● **DATA TO USE**

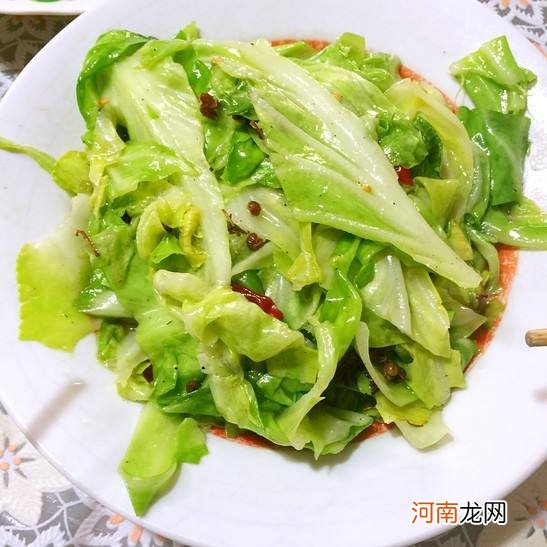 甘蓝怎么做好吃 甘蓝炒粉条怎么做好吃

...

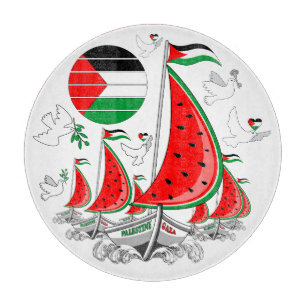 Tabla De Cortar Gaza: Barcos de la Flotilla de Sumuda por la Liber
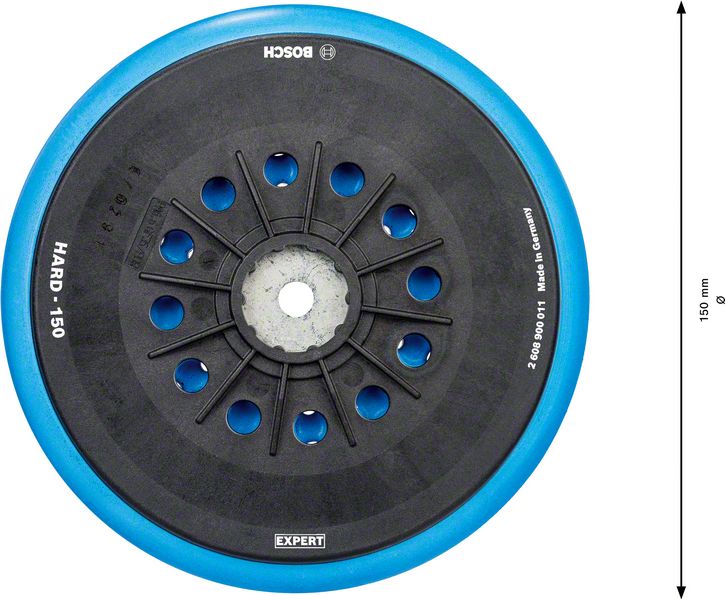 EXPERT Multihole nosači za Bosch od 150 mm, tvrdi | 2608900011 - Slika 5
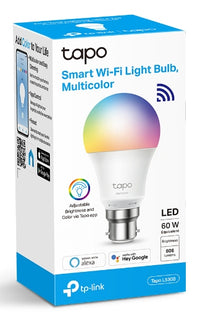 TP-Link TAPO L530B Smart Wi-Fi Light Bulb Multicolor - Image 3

● **REQUIREMENT**
Nothing but the lines above from the line with "EXPERT Multihole nosači" up to and including the line with "TP-Link TAPO L530B" should be returned, exactly as written and without pictures.

● **ANSWER TO THIS EXERCISE**
 EXPERT Multihole nosači za Bosch od 150 mm, tvrdi | 2608900011 - Slika 5
 TP-Link TAPO L530B Smart Wi-Fi Light Bulb Multicolor - Image 3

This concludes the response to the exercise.